On the chart, technicians have pointed to a cup-and-handle structure on XRP's longer-term timeframe that, if it completes, projects toward roughly $1.70. Pattern targets are not promises. They are a way to frame where momentum could carry price if the catalysts line up, and $1.70 from $1.42 is a modest move, not a moonshot.

What Would Actually Close the Gap

For XRP to rally in a way that sticks, the catalysts have to convert into the one thing Ripple's deals have not delivered, which is real and sustained demand for the token itself.

Three developments would deliver exactly that. First, ETF inflows scaling from hundreds of millions into the multiple billions, because that is buying that does not let go after a few seconds. Second, the CLARITY Act becoming law rather than just clearing a committee, which would convert regulatory hope into a fixed framework institutions can underwrite. Third, and hardest, a structural shift where Ripple's payment corridors actually route meaningful volume through XRP as a bridge asset instead of through fiat or RLUSD. That last one is the only path where Ripple's enterprise success and XRP's price genuinely reconnect.

Until at least one of those lands at scale, expect XRP to keep trading on speculation and ETF flow rather than on Ripple's deal announcements. The next bank partnership headline will look bullish. Going by 2026 so far, it probably will not move the token much.

Frequently Asked Questions

Why is XRP not going up despite Ripple's institutional deals?

Ripple's enterprise deals generate revenue for the company, but XRP's role in those payment flows is usually limited to tiny transaction fees, and many corridors settle in fiat or Ripple's RLUSD stablecoin instead of XRP. That means a bank signing Ripple creates almost no sustained buying demand for the token itself. The company can win while the token stays flat because they are two separate things.

Does owning XRP give you a stake in Ripple?

No. Ripple is a private company, and buying XRP does not give you equity, voting rights, or any claim on Ripple's revenue or deal flow.

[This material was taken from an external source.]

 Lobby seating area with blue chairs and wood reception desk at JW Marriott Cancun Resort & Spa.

XRP is a network asset on the open-source XRP Ledger, and its price depends on market supply and demand, not on Ripple's business performance.

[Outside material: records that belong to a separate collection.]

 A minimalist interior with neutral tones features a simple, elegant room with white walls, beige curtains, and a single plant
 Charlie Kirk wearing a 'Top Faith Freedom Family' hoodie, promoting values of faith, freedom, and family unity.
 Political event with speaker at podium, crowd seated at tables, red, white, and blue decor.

What would actually make XRP price rally?

The clearest catalysts are spot ETF inflows scaling into the billions, the CLARITY Act becoming law and locking in XRP's commodity status, and Ripple's payment corridors routing real volume through XRP as a bridge asset rather than through fiat or RLUSD. ETF accumulation is the most concrete because it is sustained buying, unlike enterprise fee revenue.

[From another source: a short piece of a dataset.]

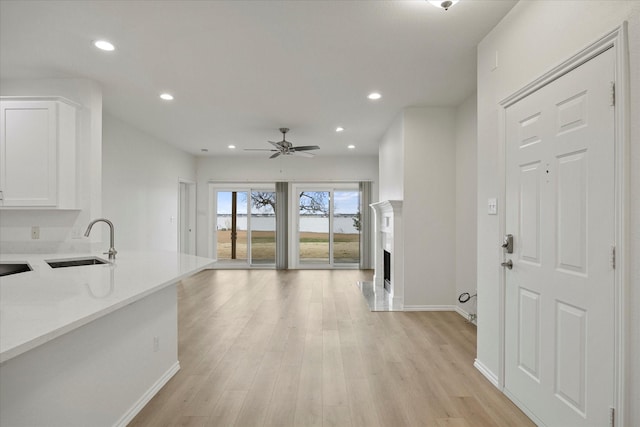 interior space featuring ceiling fan, a fireplace, light wood-style flooring, and recessed lighting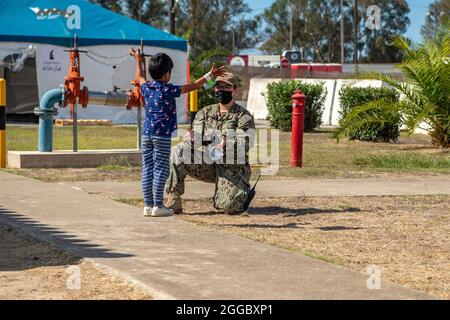 Rota, Spanien. August 2021. Ein Seemann der US-Marine spielt mit einem afghanischen Kind, das von Kabul zur Naval Air Station Rota am 29. August 2021 in Rota, Spanien, evakuiert wurde. NAS Rota stellt im Rahmen der Operation Allies Refuge eine vorübergehende Unterkunft für Evakuierte aus Afghanistan bereit. Quelle: Planetpix/Alamy Live News Stockfoto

How do XRP escrow releases affect the price?

Ripple releases up to 1 billion XRP from escrow each month, using part of it operationally and re-locking the rest. This adds a steady, predictable supply overhang to the market. It is not a crash trigger, but it does mean XRP needs genuine demand growth just to hold its price level.

Bottom Line

The XRP paradox resolves once you stop treating Ripple's deal pipeline as a price signal for the token. Ripple is winning as a payments company, and XRP near $1.42 is priced for what the token actually does, which is very little inside those deals. The catalysts to watch are not the next bank partnership. They are ETF inflows scaling past the multi-billion mark, the CLARITY Act moving from committee to law, and any sign that Ripple's corridors are routing real volume through XRP rather than fiat or RLUSD. A cup-and-handle target near $1.70 is plausible if ETF demand and regulatory clarity arrive together. The thing to remember is simple. XRP rallies when XRP gets used and held at scale, not when Ripple signs another logo.

 
 

This article is for informational purposes only and does not constitute financial or investment advice. Cryptocurrency trading involves substantial risk. Always conduct your own research before making trading decisions.